8. Pay (a little) for it.  My 12-year-old daughter Lelia really wants to earn money so she she can pay her half of her cell-phone bill. I offer Lelia a few dollars an hour to be a mother’s helper and watch my 3-year-old while I’m nearby taking care of the other kids or doing something else. It frees up my time, and gives my daughter a chance to learn responsibility and earn money.

9. Close the bathroom door.  For those of you who go to the bathroom with the door open to maintain constant availability to your kids (you know who you are), shut it. My friend Sharon says she leaves her children sitting on the floor in the hallway staring disconsolately at the bathroom door. She still won’t let them in. Sometimes mommy guilt can be taken too far.

10. Flash back to a simpler time.  Remember your own childhood without car seats, bike helmets, electrical outlet covers, and a million other safety devices? You’re still here, aren’t you? There’s a fine line between being safety-conscious and being safety-obsessed. If you ever start to panic, remember “what our parents did wasn’t so bad,” advised writer April Carvelli.

11. Think out of the box.  If it’s too difficult or expensive to arrange for a night-time date with your husband, arrange a breakfast date instead, recommended Lauren from G+.  Drop the kids off at school or day-care and go in to work an hour or two late, if your employer won’t mind. Or if your parents are visiting or live in the area, ask them to watch the kids a few hours on a weekend morning, just because.

12. Give in to your kids.  If you automatically respond “no” to virtually any request by your kids, try saying “yes.” It may totally change the way they relate to you. Once I was so sick with the stomach flu that I could barely get off the couch, so I let the kids eat Twizzlers for breakfast and watch tv all day. They remember it fondly as the day mommy “just gave up.” And surprisingly, they didn’t start to expect Twizzlers for breakfast every day.

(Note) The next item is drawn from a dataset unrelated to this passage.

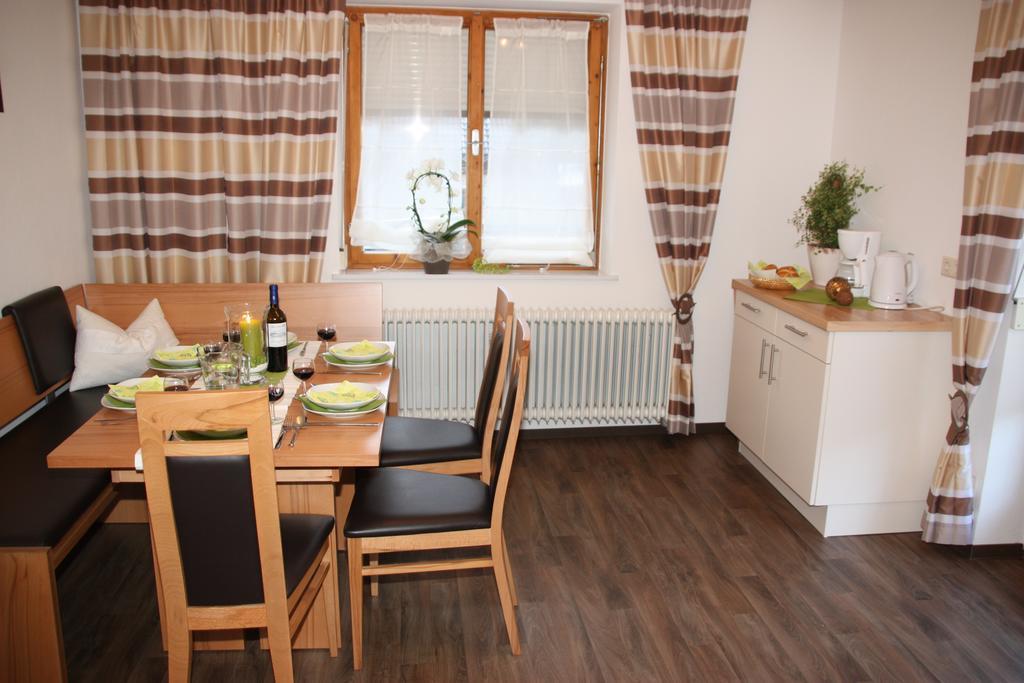 Gaestehaus Neuhauser Zell am Ziller Habitación foto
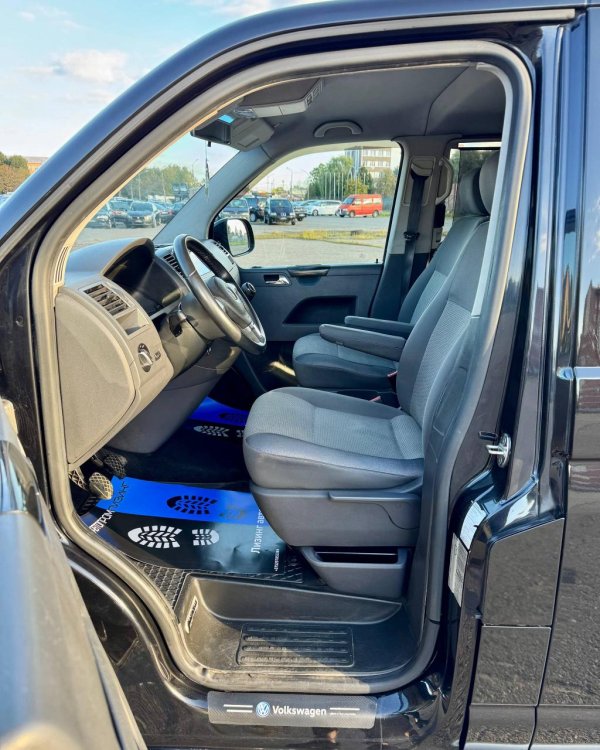 Volkswagen Caravelle T5 · Рестайлинг - Image 10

13. Organize a little.  You’ve heard it a million times, because it’s true. Organization really makes everything run more smoothly and easily. But organizing everything might be out of your league right now. So organize a little. Spend 15 minutes organizing one drawer. Or commit to accomplishing just one thing a day beyond your normal household chores — returning one phone call or making one doctor’s appointment. Slow progress is still progress. You’d be amazed how it adds up.

14. Organize a lot.  If you’re desperate for a major over-haul and willing to invest the time and effort to make it happen, have I got a book for you. A Mother’s Rule of Life by Holly Pierlot gives you step-by-step instructions for organizing every aspect of your life. Scheduling things at the optimal time makes them happen more quickly and with less hassle. The pay-off is huge.


So, go out there and get the help you need!